11 thoughts on “Random Valley Front Yard of the Day”

  1. That looks more like the ’20s or even the ‘teens than the ’30s or ’40s.

    The look of the house and the mention of the oddly deep lot reminds me of some of the remnants of the old Weeks Poultry Colony up by Canoga Park.

    Can you tell me what street that’s on?

  2. I had originally guessed the 20s, but that seemed quite extreme. There wasn’t much around here in the 20s…for this to be one of the few surviving homes would be quite intriguing. Maybe it warrants a second walkabout. The chimneys in the background show that there are more houses on the original lot…don’t know whether they’re infill or part of the original property.

  3. I had originally guessed the 20s, but that seemed quite extreme. There wasn’t much around here in the 20s…

    Depends on where ‘here’ is. The Red Car line to Van Nuys opened in 1911, and the westward extension to Marion (now Reseda) and Owensmouth (now Canoga Park) was completed in 1913.

    Quite a few real estate developments sprang up along Ventura Blvd in the ’20s as well, as far west as Girard (1923) at Topanga Canyon & Ventura.

    Not all of them were successful, but even the less successful had some “vacation cottages” like this by the mid-to-late ’20s.

  4. The link is interesting and the relics are always an interesting find. Nice reminder of where we have been, even nicer when the owner keeps them nicely maintained so you can get the full flavor of them when new.

  5. Ha! Found it. Built in 1927, says Zillow. LA County Assessor agrees.

    (Zillow can be really useful, but I miss their old Advanced Search, which would let you search by Date Built. It was a great historic research tool. Disappeared in the last UI redesign, alas.)

    BTW, Lucinda Michele – I see your bio says you’re a 4th-generation Valley native. I’m impressed.
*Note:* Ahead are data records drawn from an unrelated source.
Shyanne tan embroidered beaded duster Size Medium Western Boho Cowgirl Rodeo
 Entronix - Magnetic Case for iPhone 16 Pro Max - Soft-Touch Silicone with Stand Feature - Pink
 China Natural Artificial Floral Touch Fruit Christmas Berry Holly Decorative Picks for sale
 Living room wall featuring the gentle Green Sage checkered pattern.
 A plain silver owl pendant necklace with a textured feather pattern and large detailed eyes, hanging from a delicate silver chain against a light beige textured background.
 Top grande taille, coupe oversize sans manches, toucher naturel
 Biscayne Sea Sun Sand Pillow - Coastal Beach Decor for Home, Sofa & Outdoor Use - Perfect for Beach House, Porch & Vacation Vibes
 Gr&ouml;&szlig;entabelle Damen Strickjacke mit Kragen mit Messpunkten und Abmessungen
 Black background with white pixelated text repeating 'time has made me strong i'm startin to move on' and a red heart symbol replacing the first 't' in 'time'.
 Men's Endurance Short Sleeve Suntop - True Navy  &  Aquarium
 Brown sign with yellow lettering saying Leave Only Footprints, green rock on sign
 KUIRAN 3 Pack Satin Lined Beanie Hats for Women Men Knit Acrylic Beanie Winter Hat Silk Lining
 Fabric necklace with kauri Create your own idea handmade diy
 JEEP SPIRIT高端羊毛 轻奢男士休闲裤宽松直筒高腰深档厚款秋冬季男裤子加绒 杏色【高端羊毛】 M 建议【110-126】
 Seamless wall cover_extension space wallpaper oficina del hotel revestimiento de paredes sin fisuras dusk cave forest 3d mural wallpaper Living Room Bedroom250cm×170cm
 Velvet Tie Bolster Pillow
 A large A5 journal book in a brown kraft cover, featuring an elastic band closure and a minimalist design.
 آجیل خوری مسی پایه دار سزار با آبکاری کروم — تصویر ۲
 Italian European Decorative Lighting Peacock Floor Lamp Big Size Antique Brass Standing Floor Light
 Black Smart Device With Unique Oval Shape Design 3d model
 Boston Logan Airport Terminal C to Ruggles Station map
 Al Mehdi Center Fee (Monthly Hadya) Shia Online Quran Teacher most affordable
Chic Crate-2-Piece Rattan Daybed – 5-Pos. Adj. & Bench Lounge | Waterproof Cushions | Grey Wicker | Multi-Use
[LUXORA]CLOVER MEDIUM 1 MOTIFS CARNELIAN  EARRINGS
I’ve never known anyone who was related to a city park before. :-)

    So, would I be correct in assuming that this was the old family homestead?

  6. Cool. :-)

    BTW, the house in the post shows up clearly in the 1932 USGS Topographic map of the area, which can be seen here.

    Hmm. I don’t think I have a map with the old Knapp home, though – all my historical maps with that level of detail are either pre-1912 or post-1926.